▶ _WHAT YOU HAVE TO DO_:
Although the records contain pictures, none belong in the copy: restate word for word only the lines from the one with "Sengegavl Hvit 166X4X100 Cm Heltre Furu" through the one with "Size: 1024x946 |", both included.

▶ _MATERIAL SHOWN_:
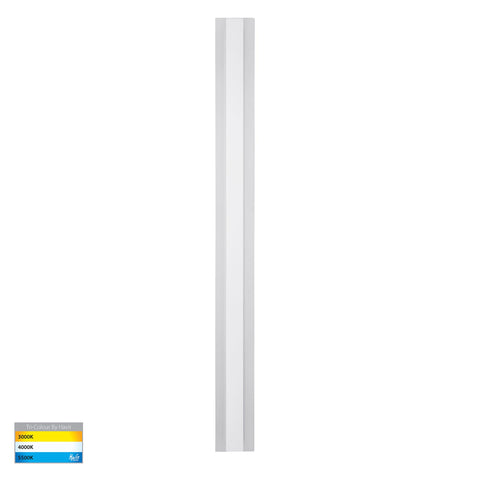 Barline Aluminium White 1000mm Wall Light - HV3584T-WHT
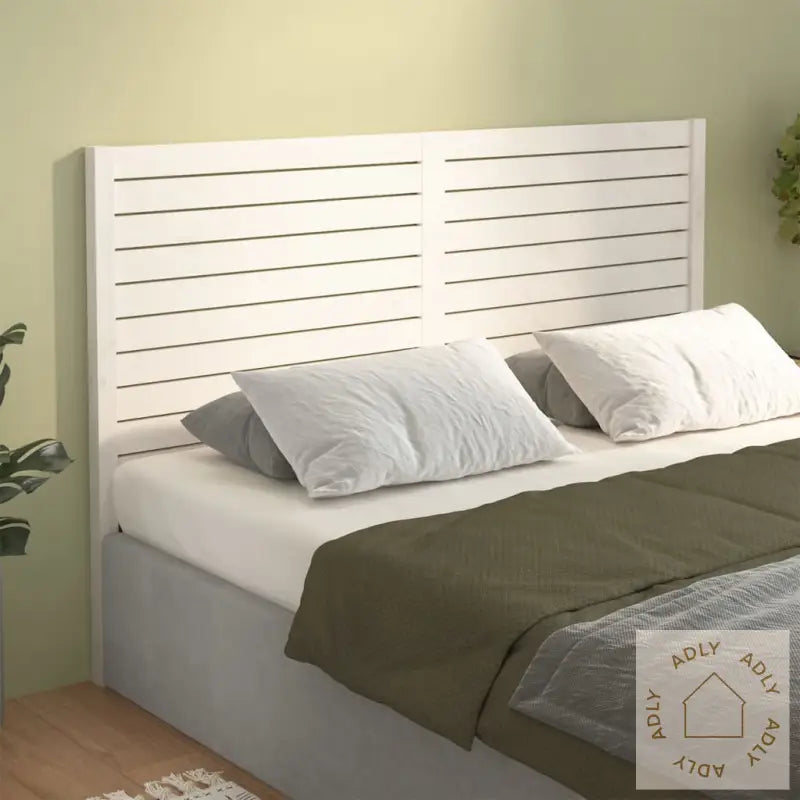 Sengegavl Hvit 166X4X100 Cm Heltre Furu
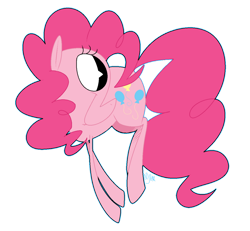 Size: 1024x946 | Tagged: safe, artist:chandelurres, imported from derpibooru, pinkie pie, earth pony, pony, female, mare, simple background, solo, transparent background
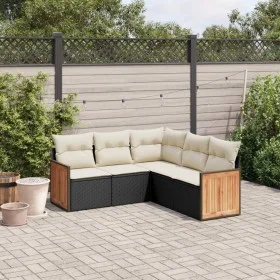 5-piece garden furniture set and black synthetic rattan cushions by , Garden sets - Ref: Foro24-3227638, Price: 323,00 €, Dis...
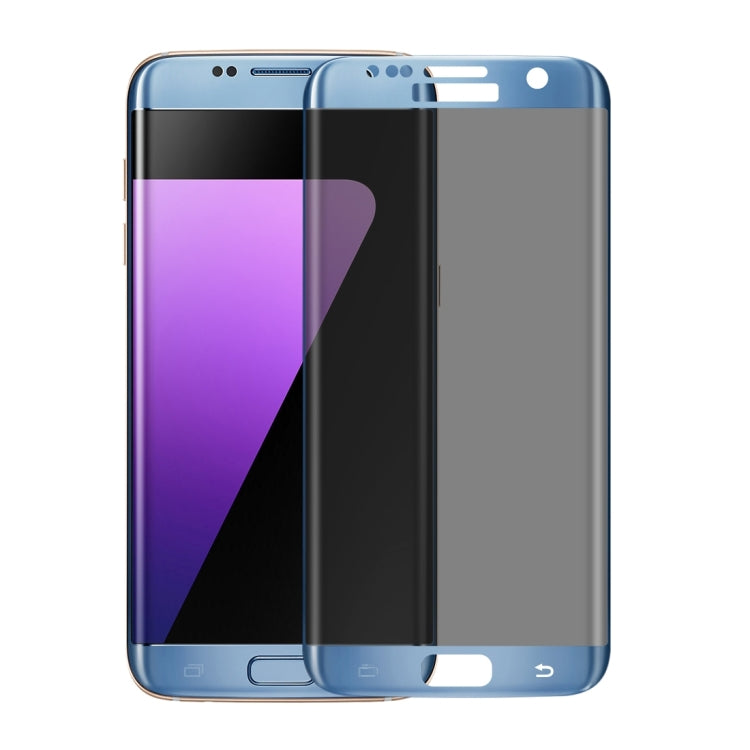 For Galaxy S7 Edge / G935 0.3mm 9H Surface Hardness 3D Curved Privacy Anti-glare Silk-screen Full Screen Tempered Glass Screen Protector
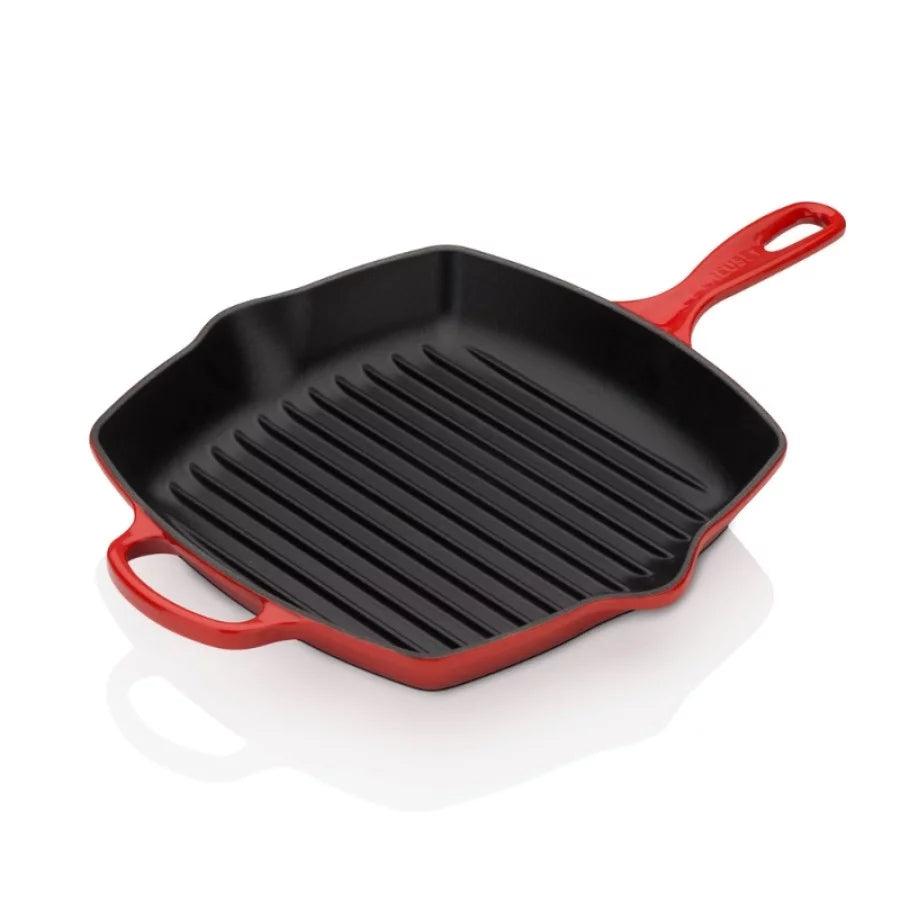 Grillpanna LE CREUSET Cast iron grill pan square 26x26cm red - DomoTehnika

▶ _TASK OUTPUT_:
 Sengegavl Hvit 166X4X100 Cm Heltre Furu
 Size: 1024x946 | Tagged: safe, artist:chandelurres, imported from derpibooru, pinkie pie, earth pony, pony, female, mare, simple background, solo, transparent background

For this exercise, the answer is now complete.